## TASK MATERIAL
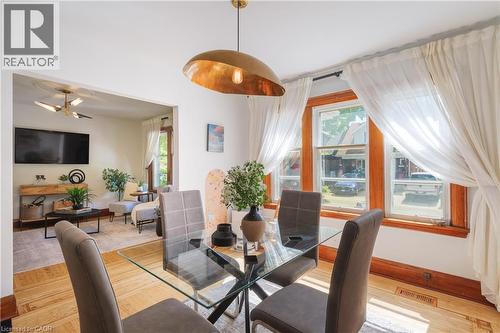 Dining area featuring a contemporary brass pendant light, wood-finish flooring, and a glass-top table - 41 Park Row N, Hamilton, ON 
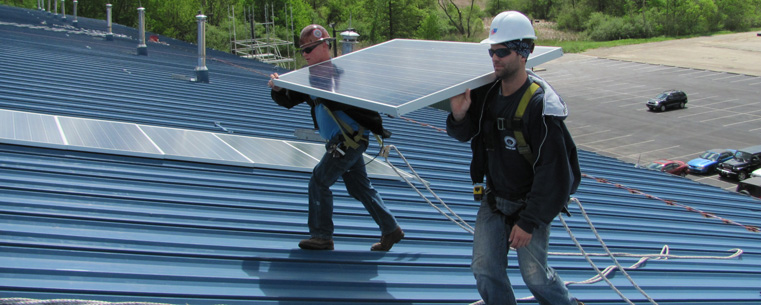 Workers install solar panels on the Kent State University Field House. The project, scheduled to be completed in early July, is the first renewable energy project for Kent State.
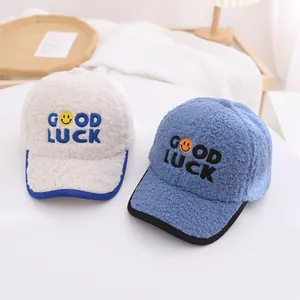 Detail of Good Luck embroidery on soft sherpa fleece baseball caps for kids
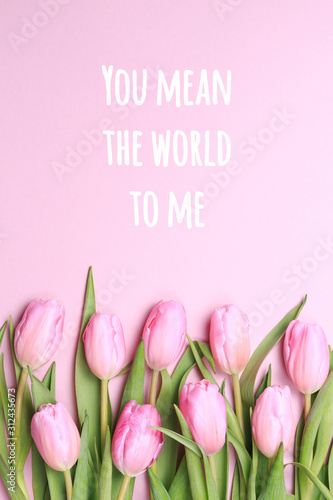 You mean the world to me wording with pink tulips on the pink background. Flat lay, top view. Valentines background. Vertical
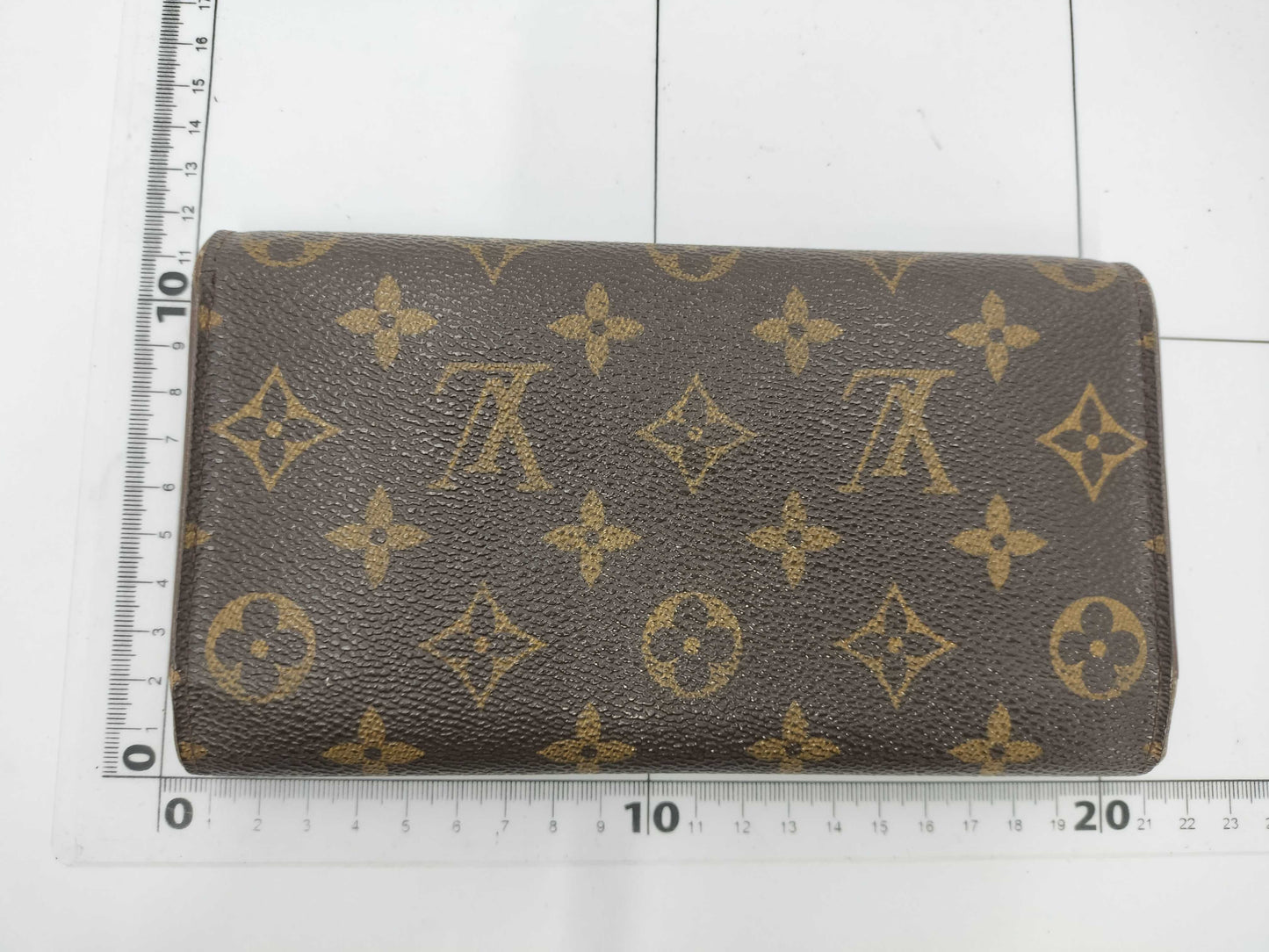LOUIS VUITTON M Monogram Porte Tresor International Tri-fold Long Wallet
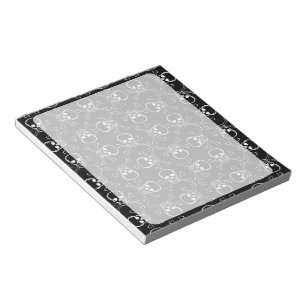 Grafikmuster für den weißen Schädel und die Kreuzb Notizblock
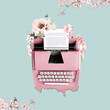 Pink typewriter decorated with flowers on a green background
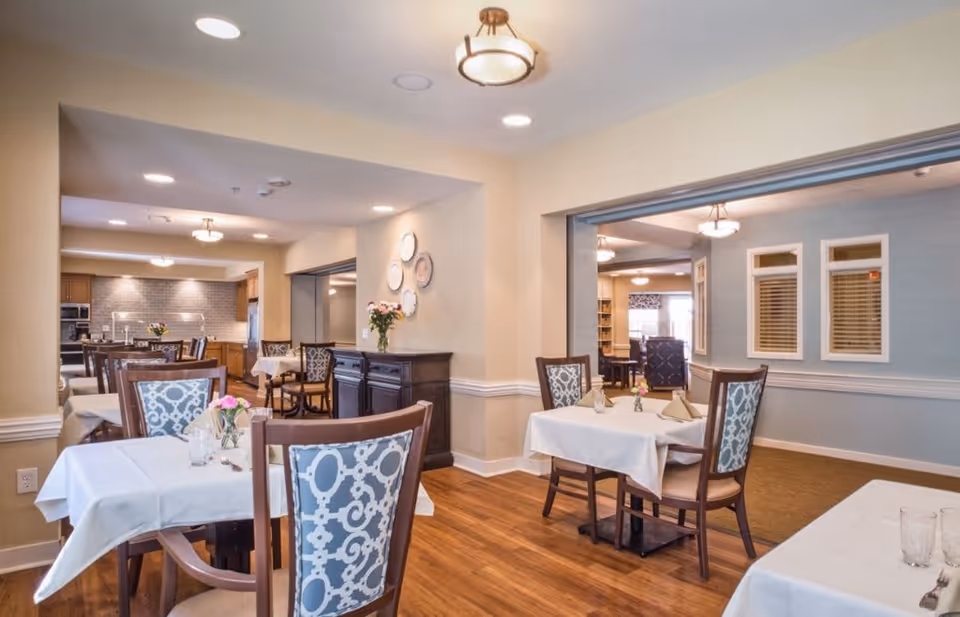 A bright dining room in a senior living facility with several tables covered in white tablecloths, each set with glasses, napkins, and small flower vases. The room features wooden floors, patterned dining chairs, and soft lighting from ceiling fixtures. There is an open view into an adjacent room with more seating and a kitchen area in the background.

==

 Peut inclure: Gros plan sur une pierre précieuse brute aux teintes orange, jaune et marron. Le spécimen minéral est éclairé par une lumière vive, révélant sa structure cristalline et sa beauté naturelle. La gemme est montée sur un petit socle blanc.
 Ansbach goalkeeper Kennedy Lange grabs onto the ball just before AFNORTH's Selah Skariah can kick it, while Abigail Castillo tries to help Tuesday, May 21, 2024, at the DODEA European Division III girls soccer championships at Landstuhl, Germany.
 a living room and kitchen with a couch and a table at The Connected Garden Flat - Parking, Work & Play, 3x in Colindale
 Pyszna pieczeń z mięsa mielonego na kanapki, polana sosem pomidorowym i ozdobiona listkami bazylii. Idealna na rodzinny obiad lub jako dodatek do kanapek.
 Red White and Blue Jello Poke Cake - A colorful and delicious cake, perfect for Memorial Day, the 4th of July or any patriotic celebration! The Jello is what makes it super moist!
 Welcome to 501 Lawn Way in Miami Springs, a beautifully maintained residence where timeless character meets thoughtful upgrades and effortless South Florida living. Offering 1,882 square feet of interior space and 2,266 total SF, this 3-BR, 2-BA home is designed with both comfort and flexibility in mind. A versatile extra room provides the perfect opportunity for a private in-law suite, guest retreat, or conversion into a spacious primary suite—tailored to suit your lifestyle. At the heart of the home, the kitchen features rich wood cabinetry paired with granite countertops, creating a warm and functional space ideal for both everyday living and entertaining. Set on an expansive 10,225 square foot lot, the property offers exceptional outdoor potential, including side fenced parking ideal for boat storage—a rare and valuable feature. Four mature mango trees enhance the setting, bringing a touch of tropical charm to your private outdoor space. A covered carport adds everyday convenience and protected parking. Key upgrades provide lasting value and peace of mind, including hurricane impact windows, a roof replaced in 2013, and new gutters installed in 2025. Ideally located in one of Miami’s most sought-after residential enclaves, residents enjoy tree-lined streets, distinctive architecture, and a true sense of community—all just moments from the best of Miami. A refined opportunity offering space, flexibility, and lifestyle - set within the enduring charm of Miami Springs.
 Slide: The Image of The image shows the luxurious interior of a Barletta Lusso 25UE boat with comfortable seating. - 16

## PROBLEM DESCRIPTION
Range to copy from the listing above: the line containing "Detail of Good" down to the line containing "Pink typewriter decorated", both included. Reproduce it exactly, minus the pictures, and add nothing.

## RESPONSE
 Detail of Good Luck embroidery on soft sherpa fleece baseball caps for kids
 You mean the world to me wording with pink tulips on the pink background. Flat lay, top view. Valentines background. Vertical
LOUIS VUITTON M Monogram Porte Tresor International Tri-fold Long Wallet
 Grafikmuster für den weißen Schädel und die Kreuzb Notizblock
 Pink typewriter decorated with flowers on a green background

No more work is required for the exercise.